Centre for Clinical Haematology
Patient Lizzie Dean (with her mum) being treated by Cure Leukaemia funded specialist research nurse Donna Walsh in the new day unit at the Centre for Clinical Haematology.


10% of the additional £1m came from the fundraising efforts of Wolverhampton Wanderers and its fans in support of their goalkeeper Carl Ikeme after his leukaemia diagnosis last July. The charity also applied to become one of Deutsche Bank’s Charities Of The Year for 2018 and 2019. The process began in May when Cure Leukaemia submitted its application alongside 90 other UK charities. It became one of the six charities put forward for the organisation’s 11,000 staff to vote for in October, and received vocal support from well-known figures in both business, sport and entertainment including Gareth Southgate, Gary Lineker, Andy Street CBE and comedian Adil Ray OBE.

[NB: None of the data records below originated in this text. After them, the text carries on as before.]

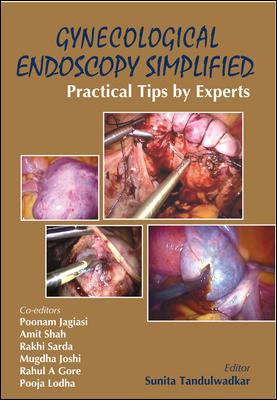 Gynecological Endoscopy Simplified : Practical Tips by Experts
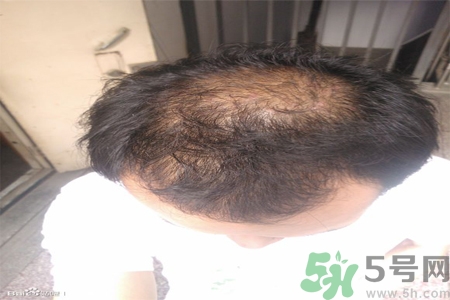 脫發(fā)的措施有什么？脫發(fā)的注意飲食有哪些？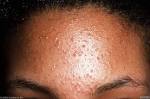 pityrosporum-<b>folliculitis</b>-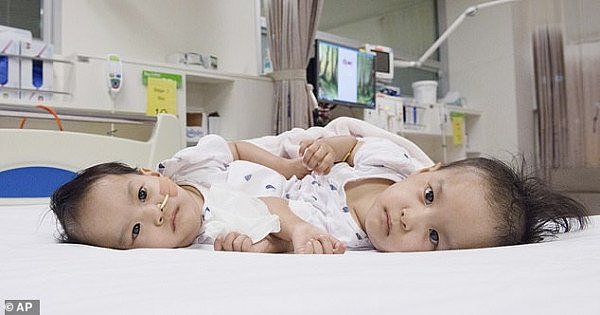给澳洲医生点赞！亚洲连体女婴成功接受分离手术（组图/视频） - 2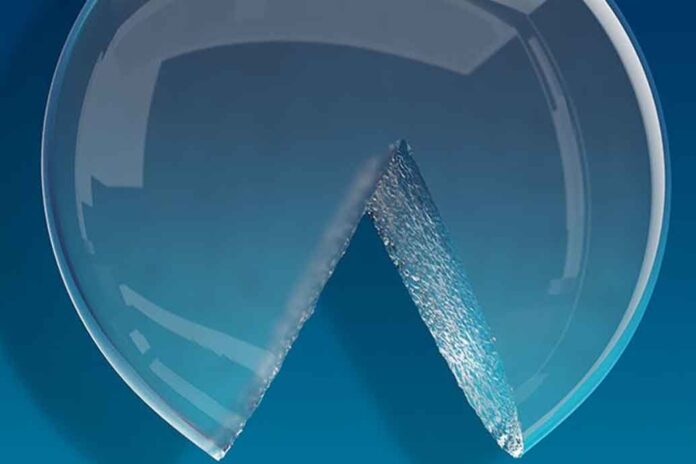 implantes-gummy-bear Imagen cortesía Natrelle, implantes mamarios.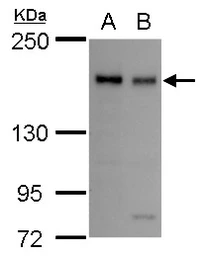 Anti-BLM antibody [N1N2], N-term used in Western Blot (WB). GTX101403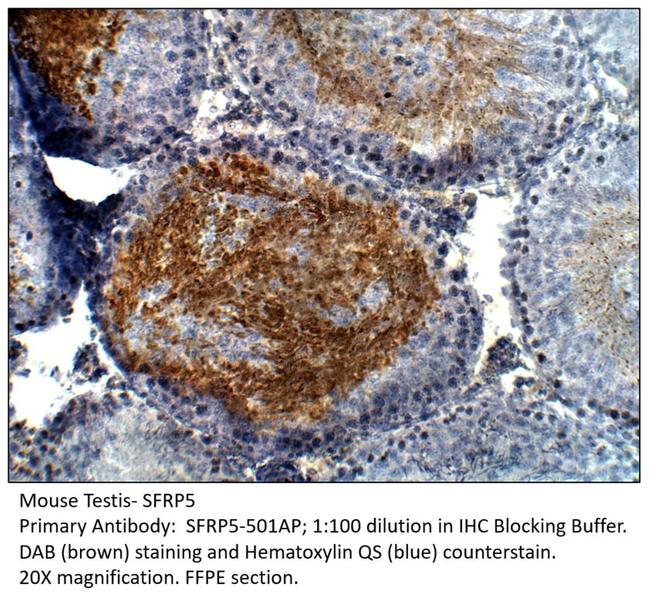 SFRP5 Antibody in Immunohistochemistry (IHC)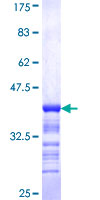 HNRNP-E2 / PCBP2 Protein - 12.5% SDS-PAGE Stained with Coomassie Blue.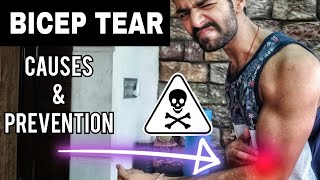 Bicep Tendon Tear - Causes & Prevention [HINDI]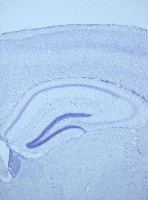 /album/fotogaleria-medium-spiny-neuron-labeled-with-dii-and-genegun/hipo-represent-4x-09-jpg/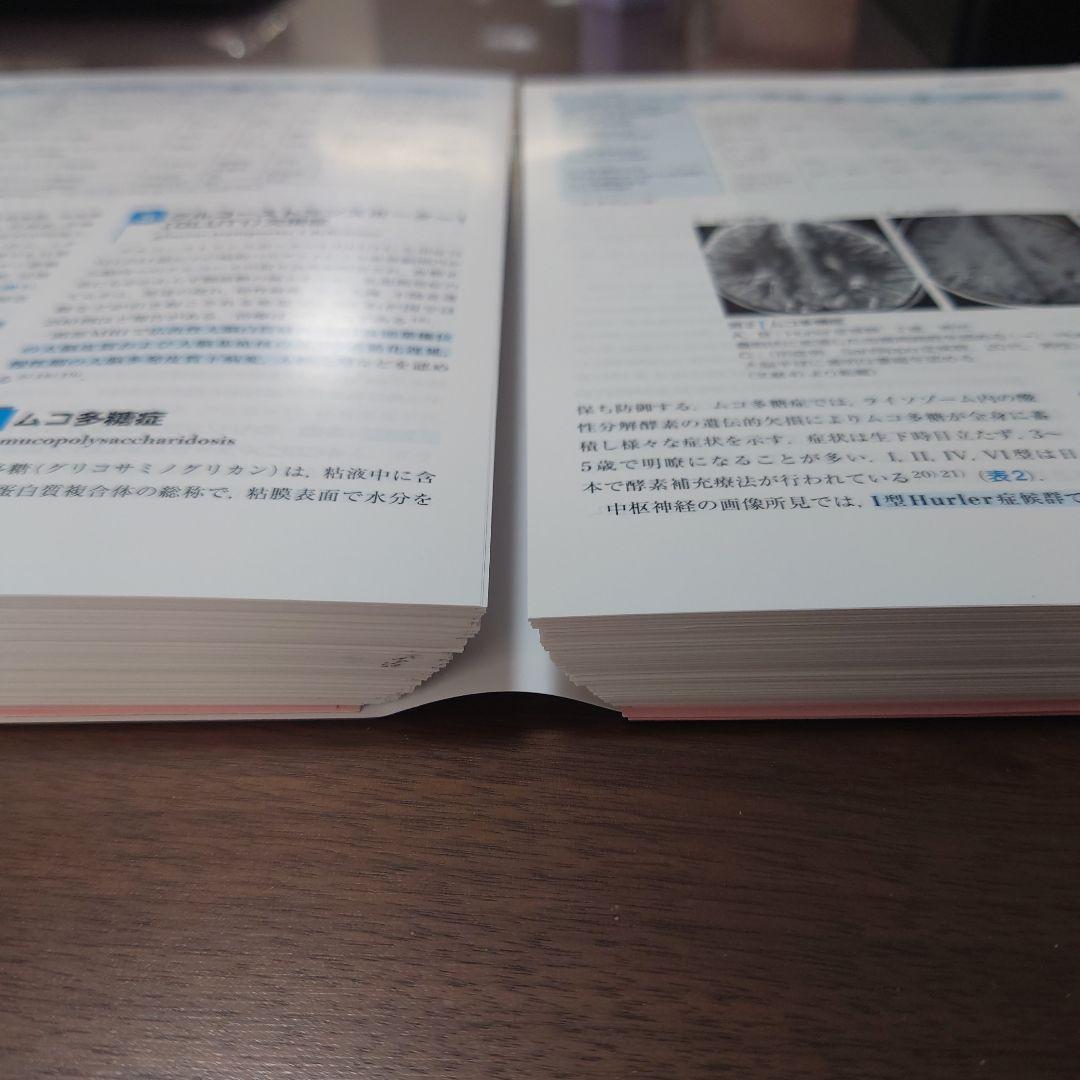 【裁断済】小児神経の画像診断 第2版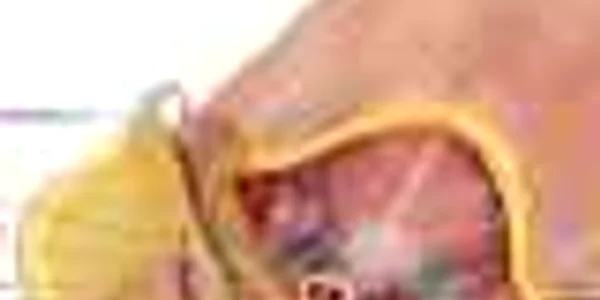 transplant penis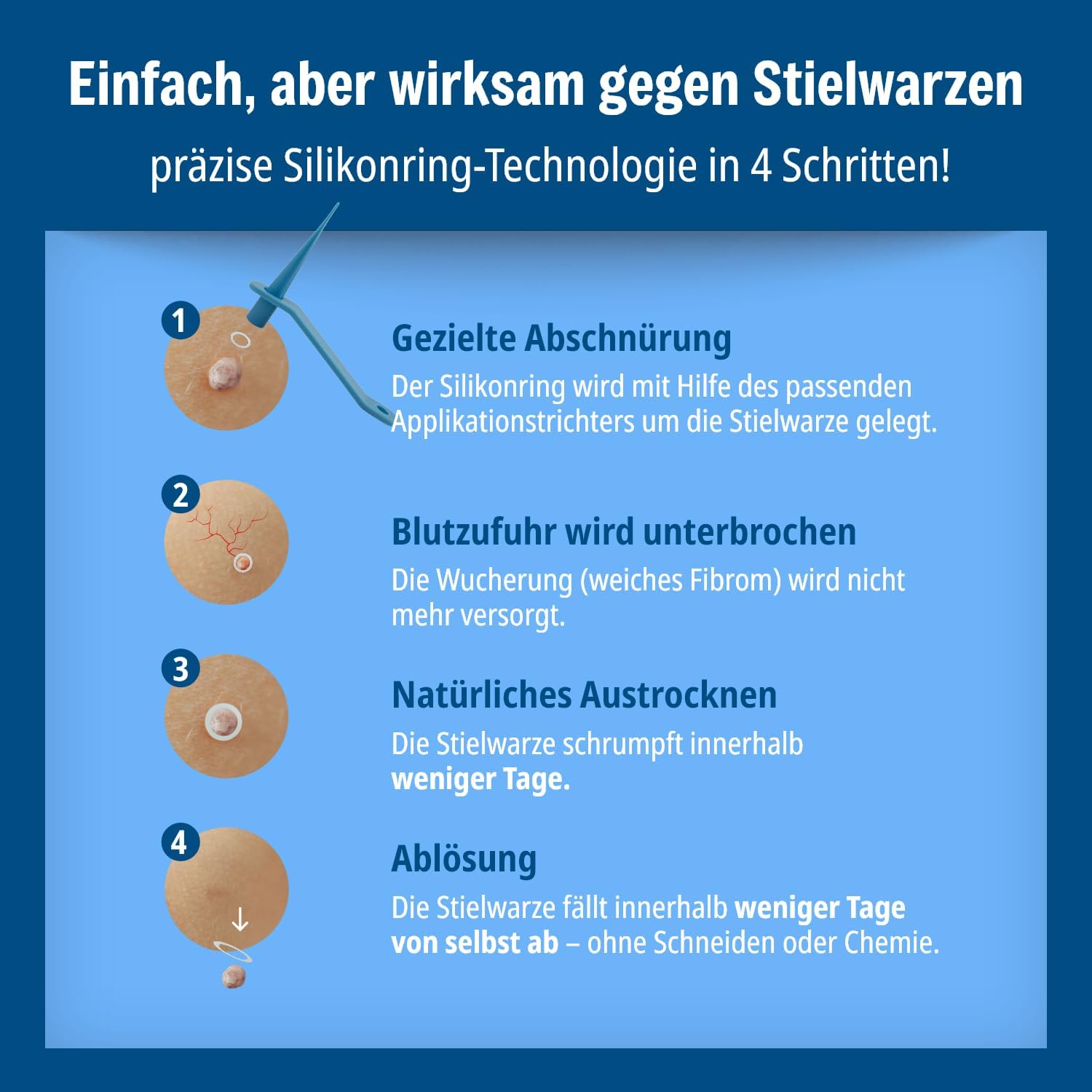 Detalle 2 de Evolsin Anti Stielwarzen Gel – natürliches Mittel gegen Stielwarzen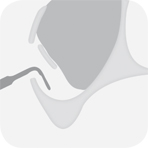 Instrument_S4_-_Tooth_illustration_Image_001142_00_150dpi.jpg Instrument_S4_-_Tooth_illustration_Image_001142_00_150dpi.jpg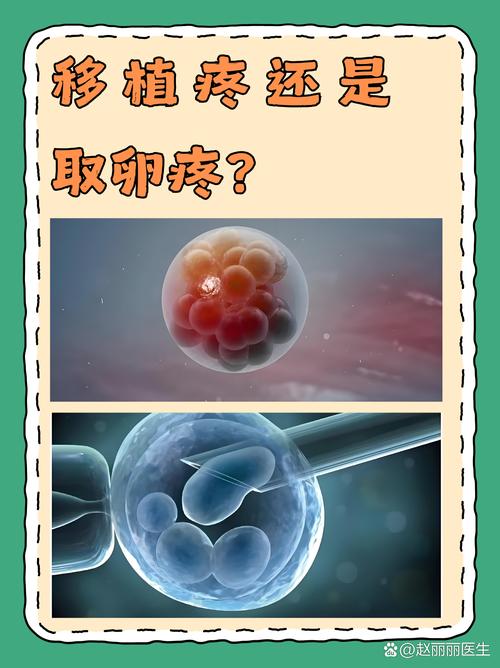 试管婴儿的取卵与移植：哪个环节最痛苦？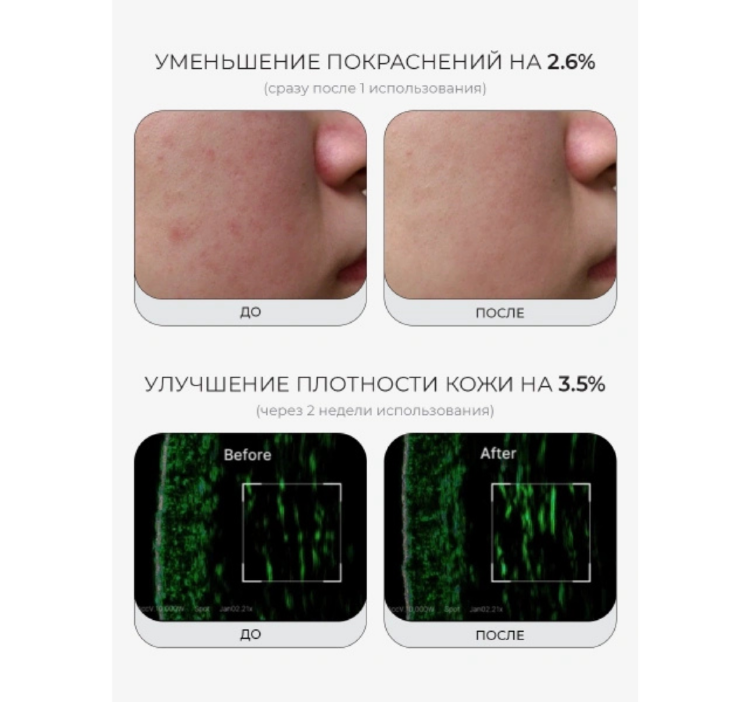 MEDICUBE, Укрепляющая сыворотка с ПДРН и пептидами, 30 мл, PDRN Pink Peptide Serum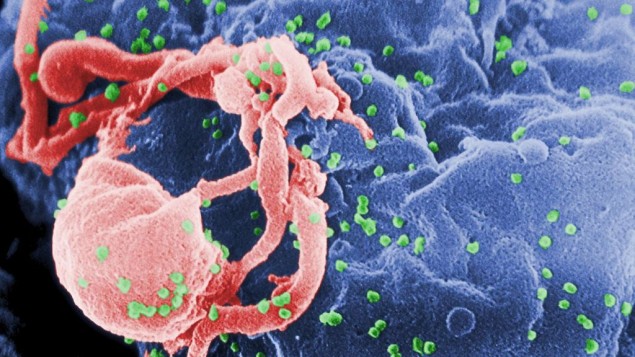 (Wikimedia Commons, public domain/Centers for Disease Control and Prevention's Public Health Image Library)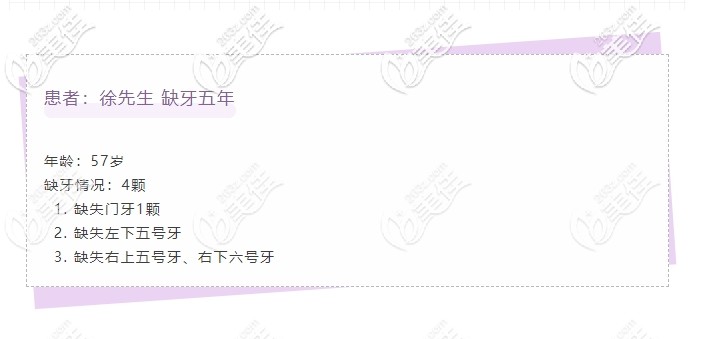 徐叔牙齒缺失病例 徐叔牙齒缺失病例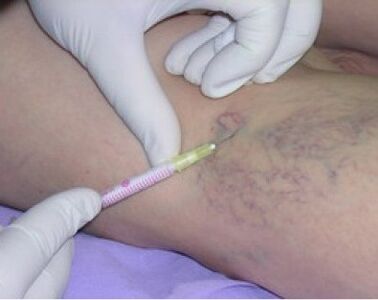 Varicose vein injections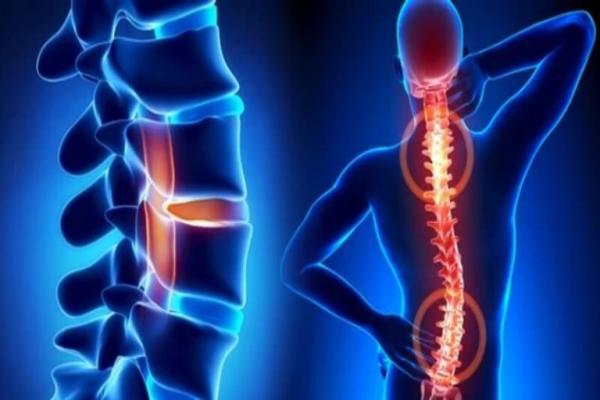 علائم بیماری های ستون فقرات چیست؟ 5 نشانه از علائم بیماری های ستون فقرات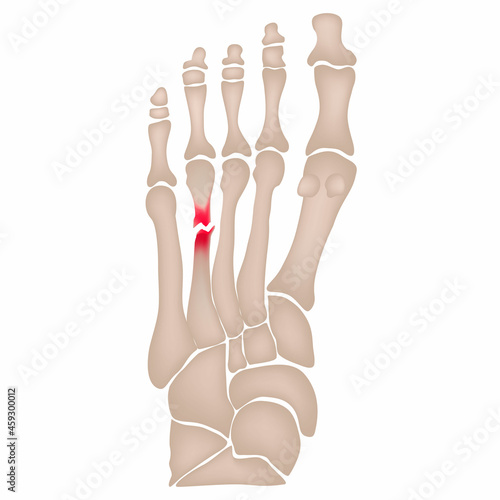 Fracture of the metatarsal bones in the foot. Anatomical structure of the foot. Skeleton. Broken bones. Vector illustration on isolated background photo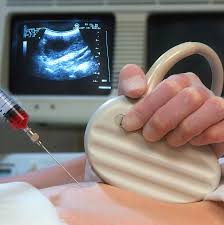 Image result for Chorionic Villus Sampling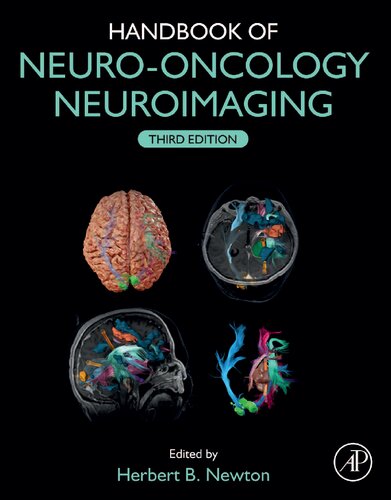 Handbook of Neuro-Oncology Neuroimaging 2022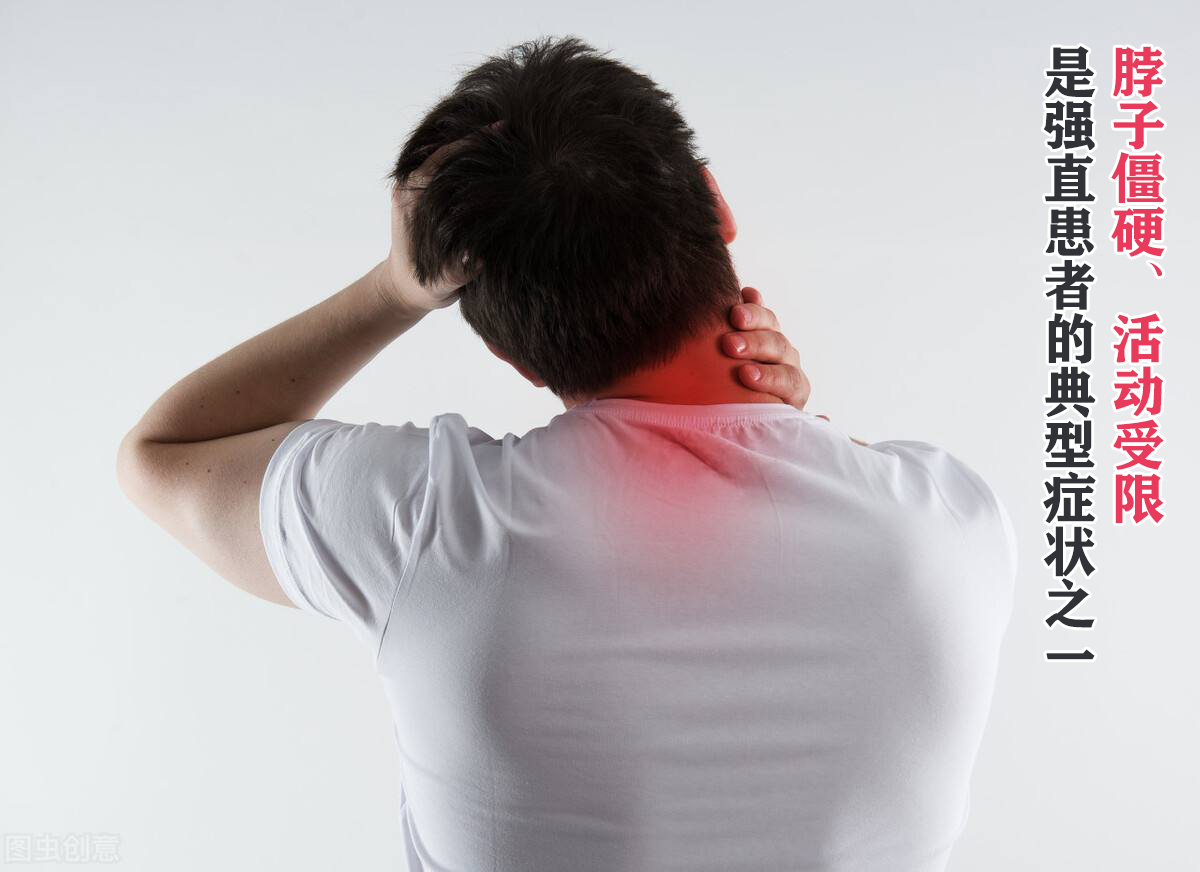 如何判断强直性脊柱炎的严重程度,判断强直性脊柱炎最简单的方法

Cure Leukaemia’s campaign was successful in becoming Deutsche Bank’s Charity of the Year for 2018/19 alongside Rays of Sunshine. The partnership has the potential to be worth £2m and the focus for Cure Leukaemia now is to not only maximise the potential of the Deutsche Bank opportunity, but also see out further national support over the next two years.

CEO James McLaughlin added:

“The Deutsche Bank partnership will undoubtedly prove transformational for Cure Leukaemia and the work the charity supports and it will also lay the foundations for sustained growth in the future.”